Jan 21, 2014
Personal-computer shipments fell 10 percent in 2013, marking the worst-ever decline after lackluster holiday sales underscored how consumers and businesses are shunning machines for mobile devices, two research firms said.
Manufacturers shipped 315.9 million units, returning to 2009 levels and making it the “worst decline in PC market history,” researcher Gartner Inc. said in a statement yesterday. IDC also said shipments had a record decline.
U.S. consumers omitted PCs from their holiday shopping lists while buyers in Asia opted for smartphones and tablets. More computing tasks are moving to websites and applications tailored for wireless gadgets, rather than software installed on laptops and desktops. The annual drop eclipsed the previous record decline of 3.9 percent in 2012, Gartner said.

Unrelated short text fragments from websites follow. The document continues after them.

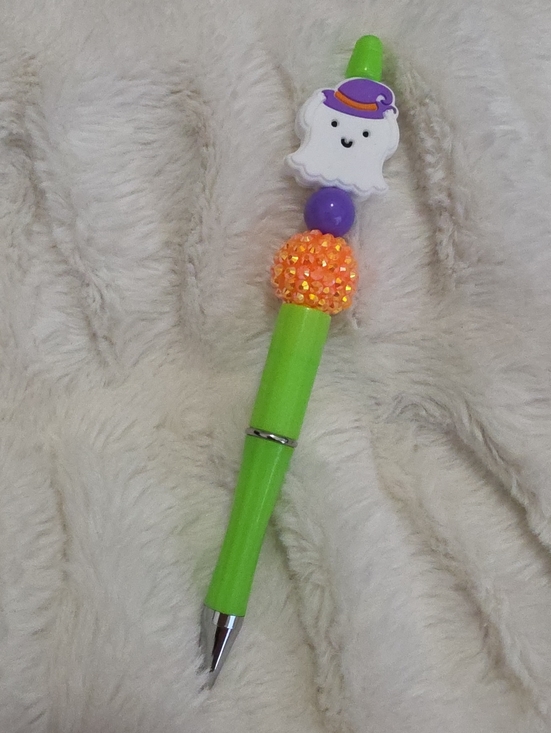 Handcrafted Other - Cute Ghost Top Green Pen with Orange and Purple Accents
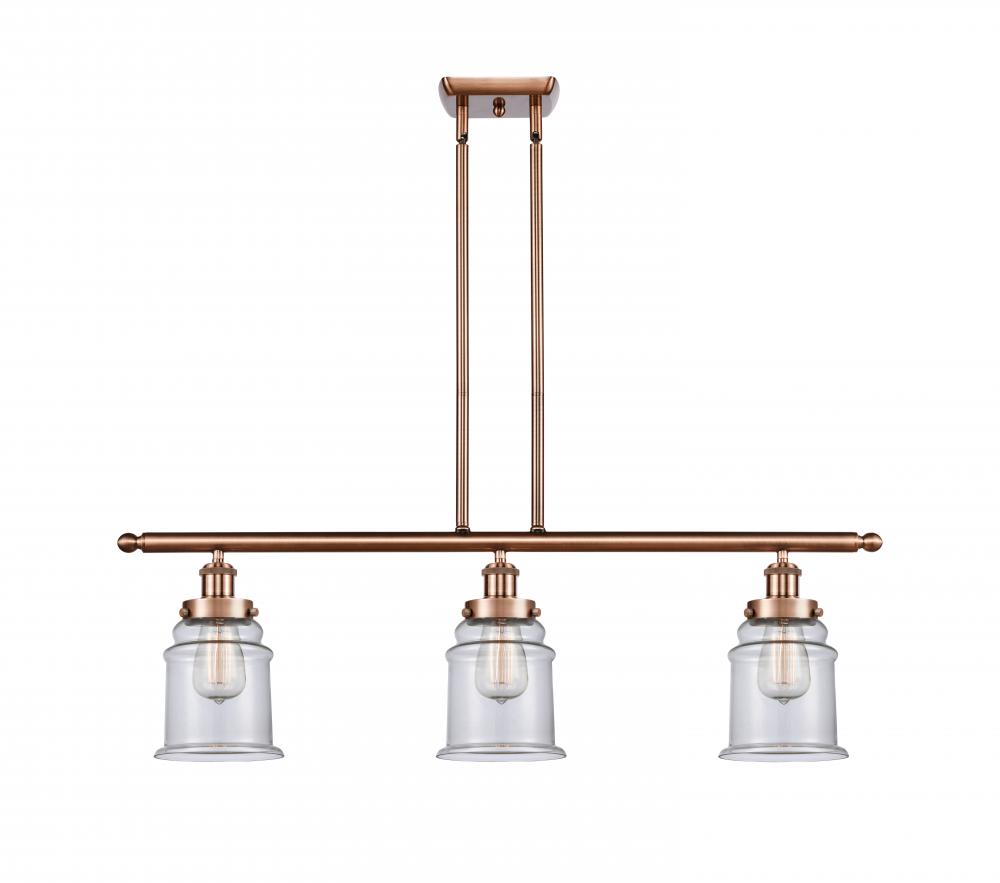 Canton - 3 Light - 36 inch - Antique Copper - Stem Hung - Island Light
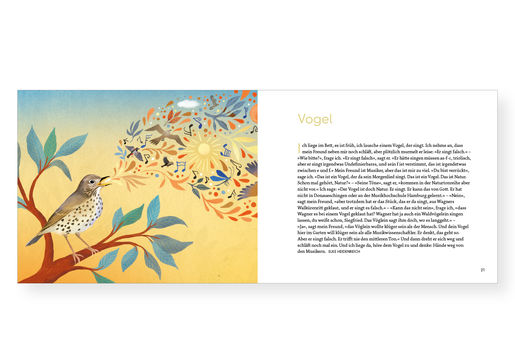 Innenseite aus Hoppla: Illustration eines singenden Vogels.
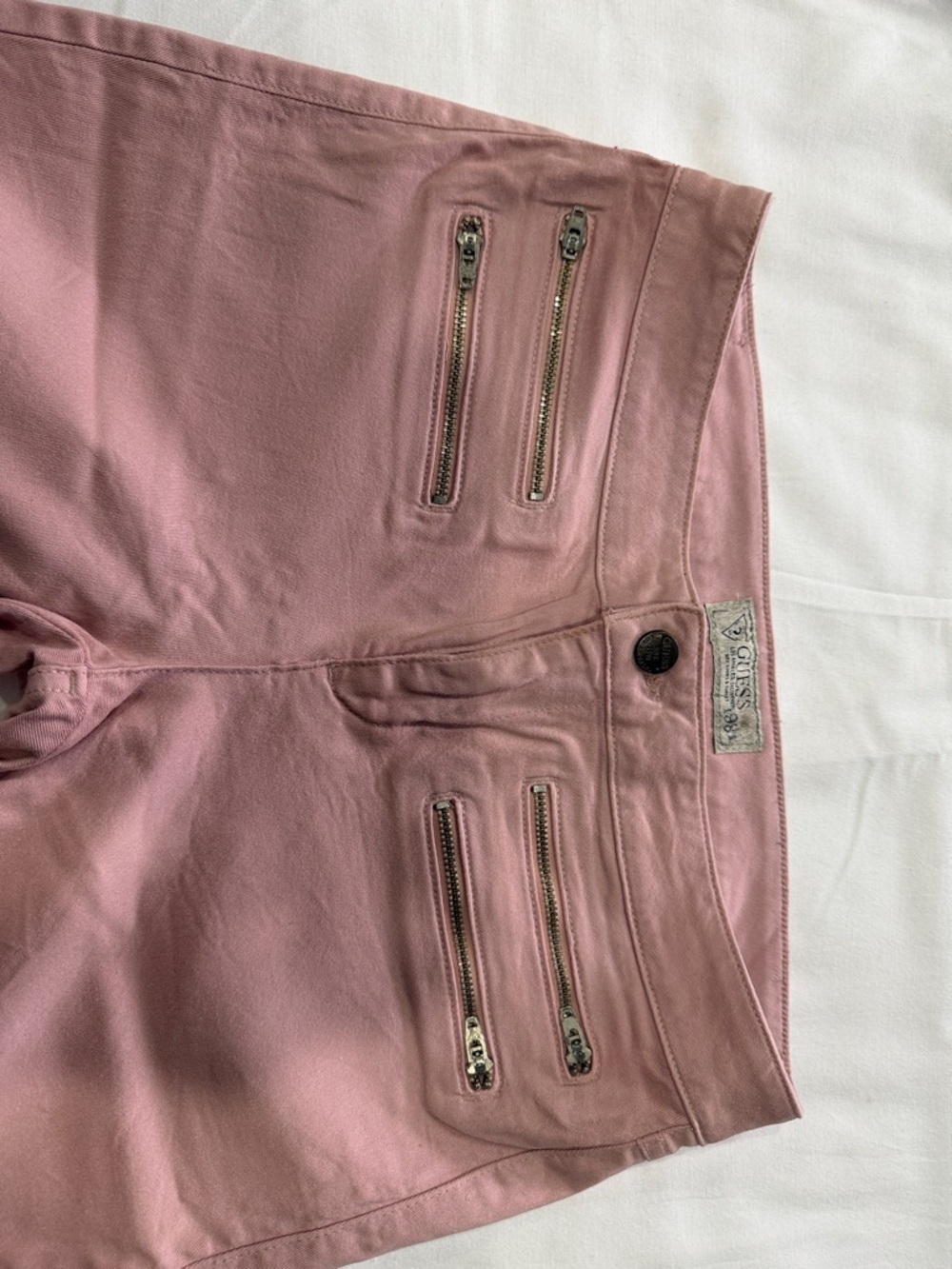 Guess Blush Skinny Jeans with Zipper Accents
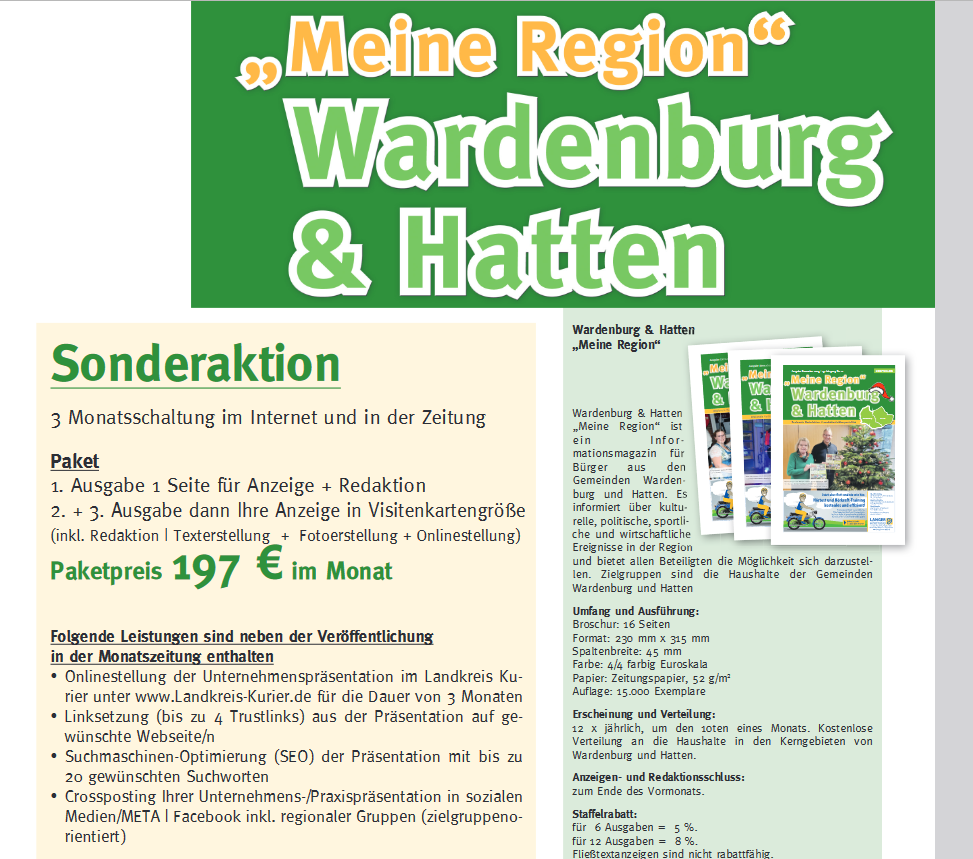 Unternehmenspräsentation Zeitung WH + Landkreis Kurier Auftrag Tel.: 0173 9424897 Medienberatung Uta Grundmann-Abonyi Landkreis Oldenburg + Stadt Oldenburg www.landkreis-kurier.de upr_untenehmenspräsentation_zeitung_wardenburg_hatten_landkreis_oldenburg
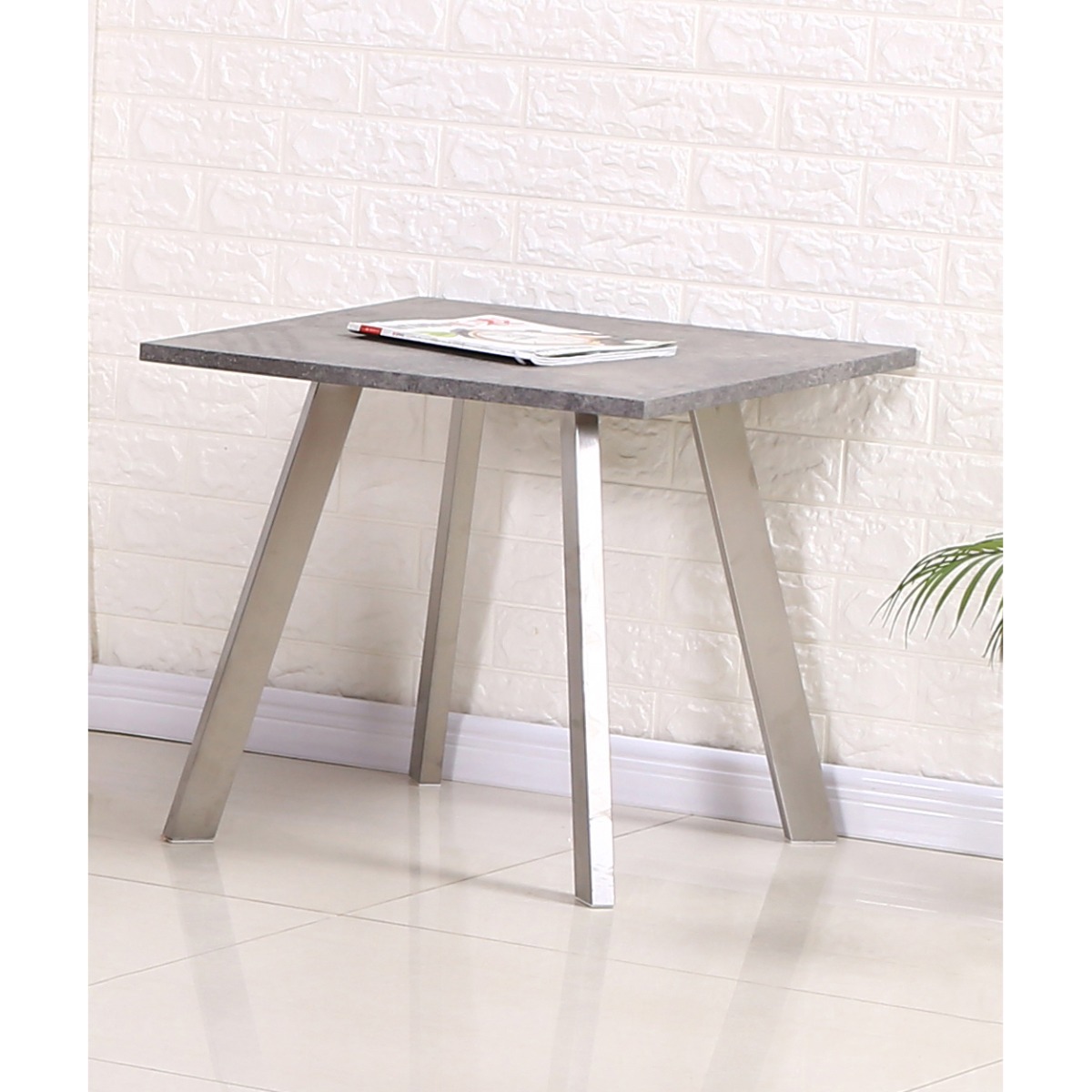 Helston Lamp Table with Brushed Stainless Steel Legs - Concrete Effect - Sigrid Mills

Global sales fell 6.9 percent in the fourth quarter -- the seventh straight drop -- to 82.6 million units, Gartner said. IDC, based in Framingham, Massachusetts, reported a decline of 5.6 percent in the same period.
Lenovo Group Ltd. maintained the No. 1 spot worldwide with 18.1 percent market share in the fourth quarter, helped by a 6.6 percent increase in shipments, according to Gartner. Hewlett-Packard Co. (HPQ) was second with a 16.4 percent share as shipments declined 7.2 percent. Dell Inc. was third, the researcher said.
Lenovo shipped 14 million PCs in the last quarter, it said.
Growth in the PC market has become dependent on consumers and businesses replacing existing machines, rather than wooing new buyers. Enterprise demand is being driven in part by Microsoft Corp. (MSFT)’s plan to end support for its 13-year-old Windows XP operating system in April, compelling businesses to buy new PCs along with software upgrades.
U.S. shipments shrank 7.5 percent in the fourth quarter to 15.8 million units, Gartner said. Unit sales in Europe, the Middle East and Africa fell 6.7 percent to 25.8 million, while the Asia-Pacific region saw a 9.8 percent decline to 26.5 million.
Loren Loverde, an analyst at IDC, said the decline in PC shipments was the worst since the researcher started tracking data in 1981, with the previous record seen in 2001, when sales shrank 3.7 percent.
IDC is predicting a 3.8 percent decline in PC shipments for 2014 this year, and then growth of less than 1 percent in 2015, he said.